20. "Fuck Her Gently"

==Internet Archive albums==

There is one album which was released with the explicit permission of Tenacious D. This live show has been recorded and released through Internet Archive and is available for free digital download.
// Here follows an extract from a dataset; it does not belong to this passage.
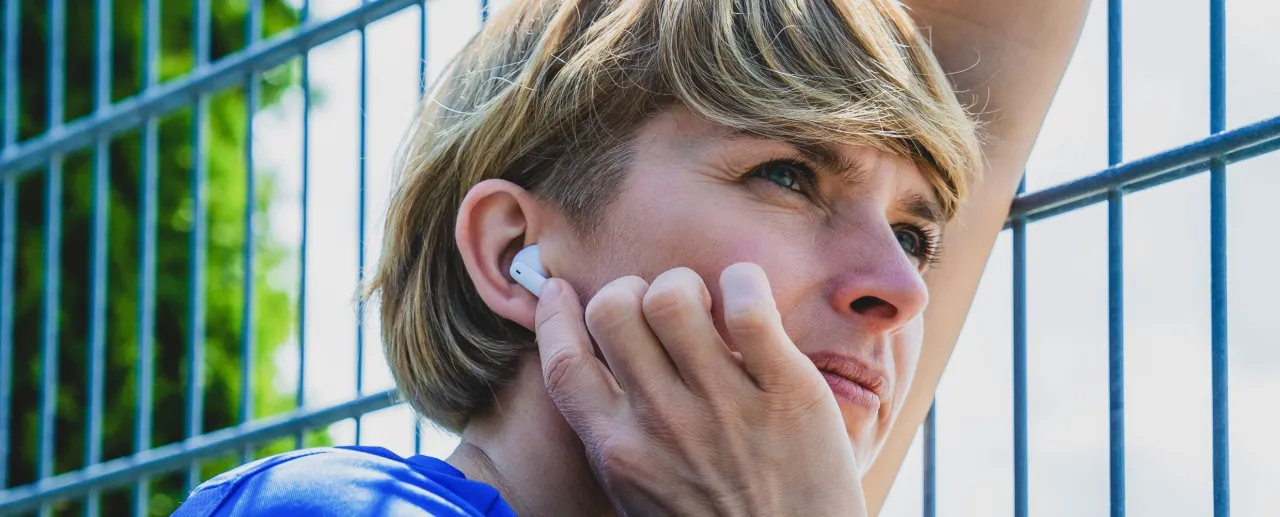 Kobieta z blond włosami wkłada białą słuchawkę do ucha, pokazując, jak sparować słuchawki.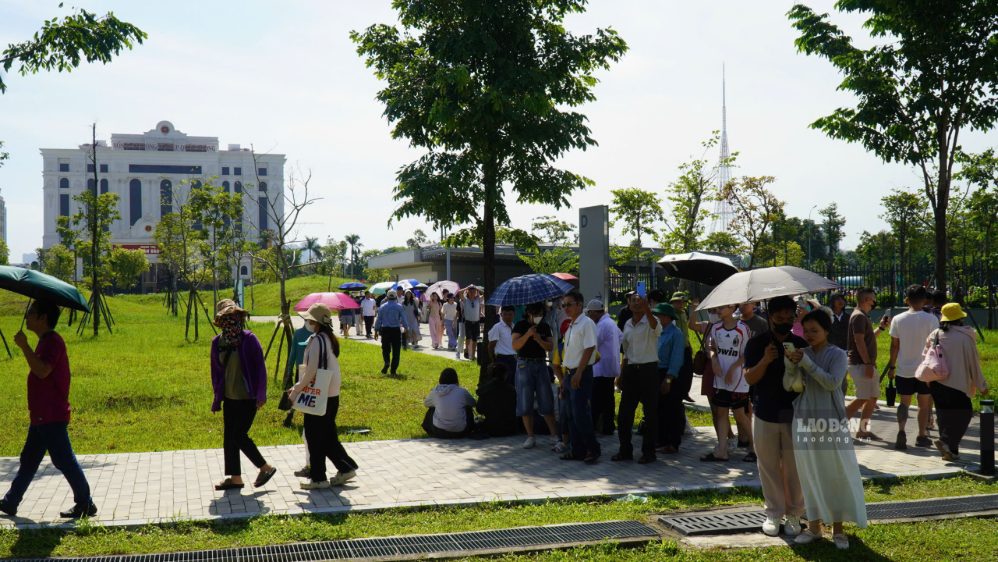 Du khách mang theo ô, mũ chống nắng để tham quan khu vực ngoài trời.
| Date recorded | Venue | Location | Downloads |
|---|---|---|---|
| June 25, 2012 | The Tabernacle | Atlanta, Georgia | 305 |

==Tour dates==

Date: City; Country; Venue; Opening act
Leg 1 — North America
May 23, 2012: Santa Barbara; United States; Santa Barbara Bowl; The Sights
May 24, 2012: Oakland; Fox Oakland Theatre
May 26, 2012: Bend; Les Schwab Amphitheater
May 27, 2012: Vancouver; Canada; PNE Amphitheatre
May 28, 2012: George; United States; Sasquatch Music Festival
Leg 2 — Europe
June 1, 2012: Nuremberg; Germany; Rock im Park Festival
June 2, 2012: Nürburg; Rock am Ring Festival
June 3, 2012: Amsterdam; Netherlands; Heineken Music Hall; The Bots
June 5, 2012: London; England; Brixton Academy
June 6, 2012
June 7, 2012
June 9, 2012: Leicestershire; Download Festival
June 10, 2012: Manchester; Manchester Apollo; The Bots
June 11, 2012: Glasgow; Scotland; Scottish Exhibition and Conference Centre
Leg 3 — North America
June 23, 2012: Nashville; United States; Ryman Auditorium; The Sights
June 25, 2012: Atlanta; Tabernacle
June 26, 2012: Charlotte; The Fillmore
June 28, 2012: New York City; Hammerstein Ballroom
June 29, 2012
June 30, 2012: Philadelphia; Festival Pier at Penn's Landing; The Sights and The Front Bottoms
July 2, 2012: Boston; Bank of America Pavilion; The Sights
July 3, 2012: Uncasville; Mohegan Sun Arena
July 5, 2012: Toronto; Canada; Echo Beach; The Protomen
July 6, 2012: Detroit; United States; The Fillmore Detroit; The Sights
July 7, 2012: Chicago; Aragon Ballroom; The Sights and Urge Overkill
July 19, 2012: Austin; Austin Music Hall; The Sights
July 20, 2012: Dallas; Palladium Ballroom
July 21, 2012: Tulsa; Brady Theater
July 23, 2012: St. Louis; The Pageant
July 24, 2012: Kansas City; Uptown Theater
July 26, 2012: Morrison; Red Rocks Amphitheatre
July 28, 2012: Las Vegas; House of Blues
July 29, 2012: San Diego; San Diego State University's Open Air Theater
July 31, 2012: Los Angeles; Wiltern Theatre
Leg 4 — Europe
October 11, 2012: Munich; Germany; Zenith; The Sights
October 12, 2012: Hamburg; Alsterdorfer Sporthalle
October 14, 2012: Düsseldorf; Mitsubishi Electric Halle
October 15, 2012: Frankfurt; Jahrhunderthalle
October 16, 2012: Milan; Italy; Mediolanum Forum
October 18, 2012: Brighton; England; Brighton Centre
October 20, 2012: Dublin; Ireland; The O2
October 21, 2012: Wolverhampton; England; Wolverhampton Civic Hall
October 23, 2012: Manchester; Manchester Apollo
October 24, 2012: London; Hammersmith Apollo

==Personnel==

- Jack Black – lead vocals, rhythm acoustic guitar
- Kyle Gass – lead acoustic guitar, backing vocals
- John Konesky – electric guitar, backing vocals
- John Spiker – bass guitar, backing vocals
- Brooks Wackerman – drums

==Incidents==

During the Las Vegas performance on July 28, 2012, a brawl involving a dozen or so people broke out in the crowd by the stage. A few people were pulled out and the show continued. During the incident, there was a stabbing. Police were called to the scene as it was reported by a steward. By the time the police had arrived, Tenacious D had just finished "Friendship" which was the fourteenth song out of the planned twenty-three songs. The duo quickly played "Tribute" before the venue was cleared out. The man who was stabbed recovered.